Data for this exercise:
----------------------------------------

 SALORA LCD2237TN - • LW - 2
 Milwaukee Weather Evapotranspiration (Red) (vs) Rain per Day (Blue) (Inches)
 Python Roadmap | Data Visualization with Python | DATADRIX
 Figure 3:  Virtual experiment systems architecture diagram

----------------------------------------

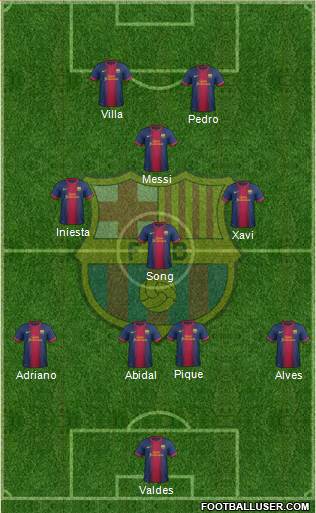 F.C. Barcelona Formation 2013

----------------------------------------

Directions for this task:
Out of the listing above, reproduce exactly the lines from the one with "SALORA LCD2237TN - • LW - 2" up to and including the one with "systems architecture diagram".

Exercise solution:
 SALORA LCD2237TN - • LW - 2
 Milwaukee Weather Evapotranspiration (Red) (vs) Rain per Day (Blue) (Inches)
 Python Roadmap | Data Visualization with Python | DATADRIX
 Figure 3:  Virtual experiment systems architecture diagram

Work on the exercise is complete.